— Problem —
Starting at the line that contains "Tapestry Victorian Style" and stopping at the line that contains "655 NE 62nd St Miami, FL 33138", restate each line of the records below exactly. Omit the pictures.

— Exercise input —
■ ■ ■ ■ ■

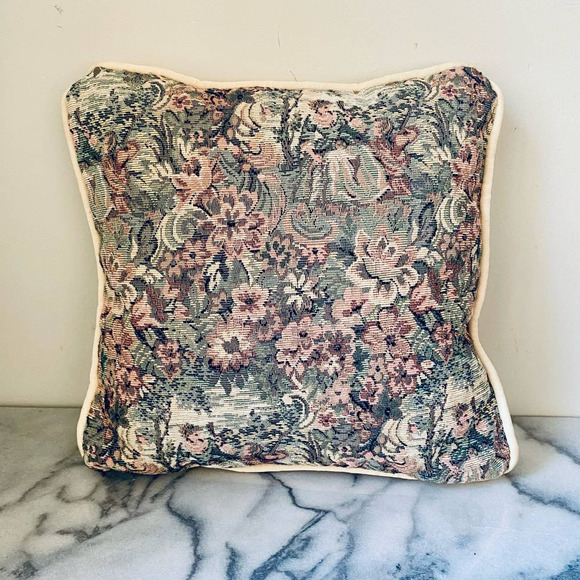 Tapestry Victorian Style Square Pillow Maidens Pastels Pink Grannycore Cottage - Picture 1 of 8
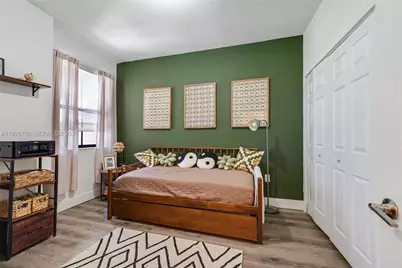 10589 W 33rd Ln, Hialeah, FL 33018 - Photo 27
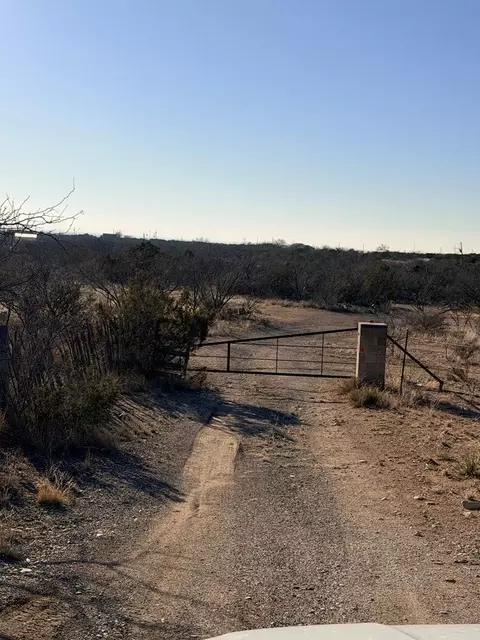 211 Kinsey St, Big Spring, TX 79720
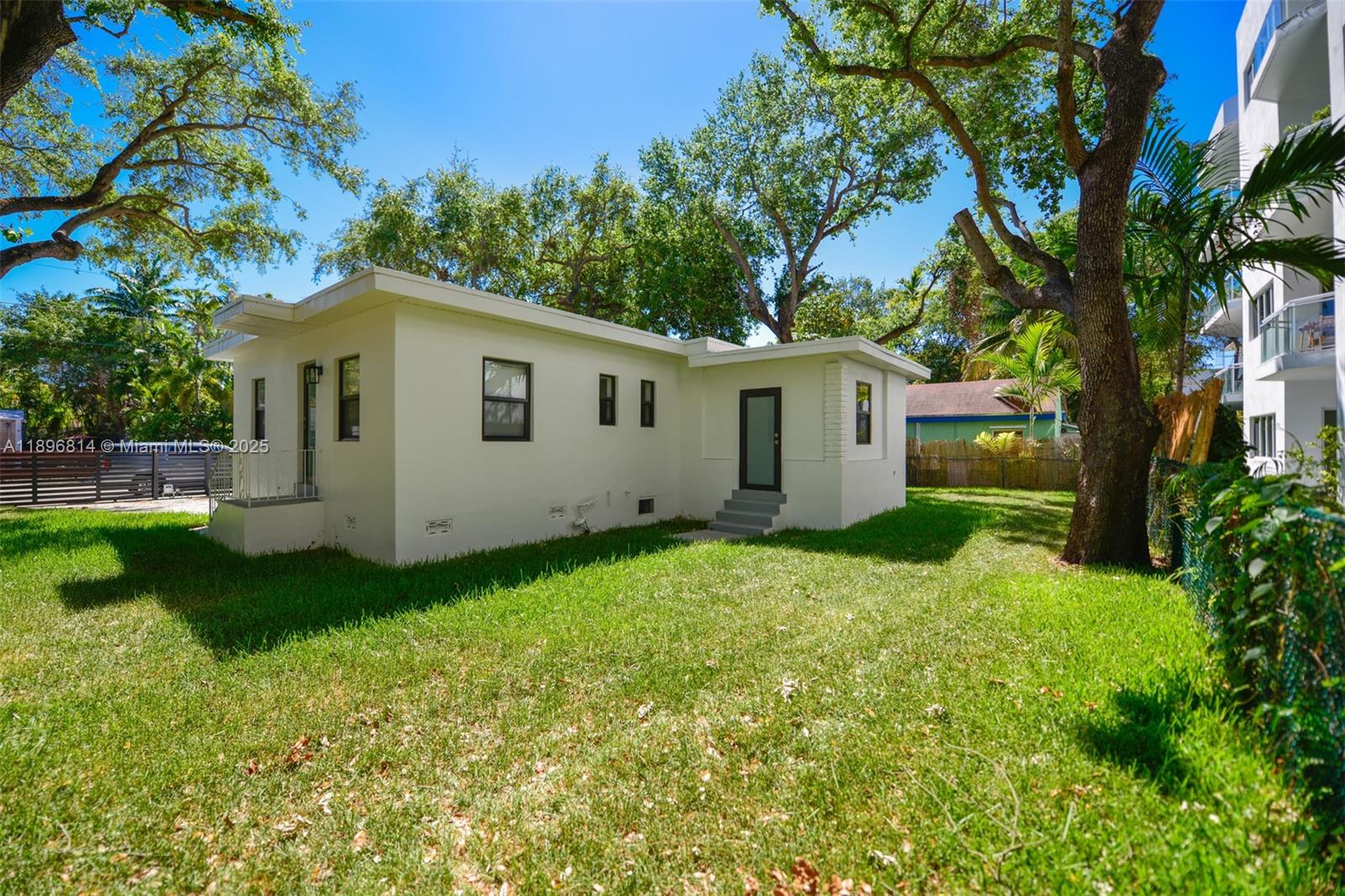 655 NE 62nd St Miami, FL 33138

■ ■ ■ ■ ■

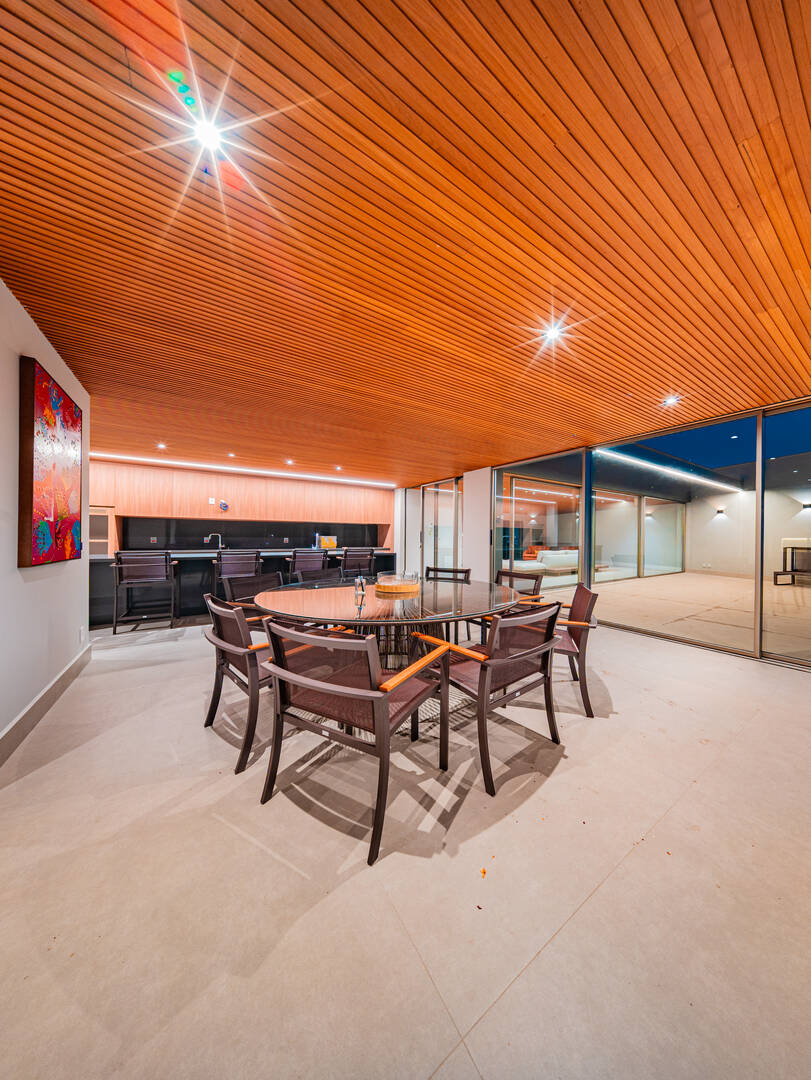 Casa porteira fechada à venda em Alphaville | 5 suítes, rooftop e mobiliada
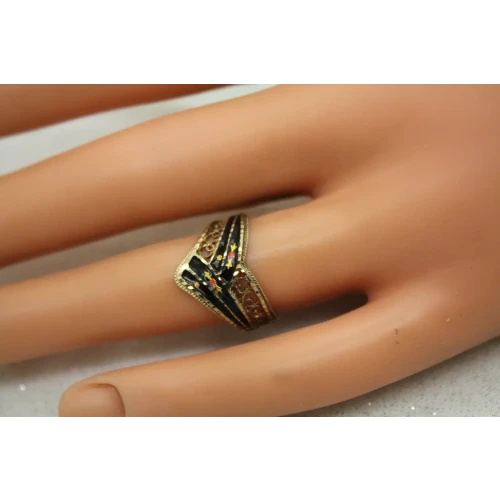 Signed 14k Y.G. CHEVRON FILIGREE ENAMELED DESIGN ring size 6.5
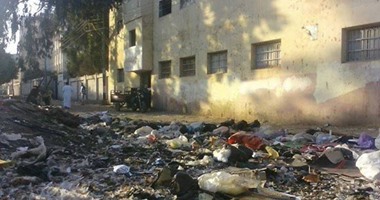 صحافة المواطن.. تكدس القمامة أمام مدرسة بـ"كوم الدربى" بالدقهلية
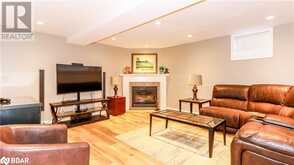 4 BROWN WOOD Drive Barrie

■ ■ ■ ■ ■

— Your solution —
 Tapestry Victorian Style Square Pillow Maidens Pastels Pink Grannycore Cottage - Picture 1 of 8
 10589 W 33rd Ln, Hialeah, FL 33018 - Photo 27
 211 Kinsey St, Big Spring, TX 79720
 655 NE 62nd St Miami, FL 33138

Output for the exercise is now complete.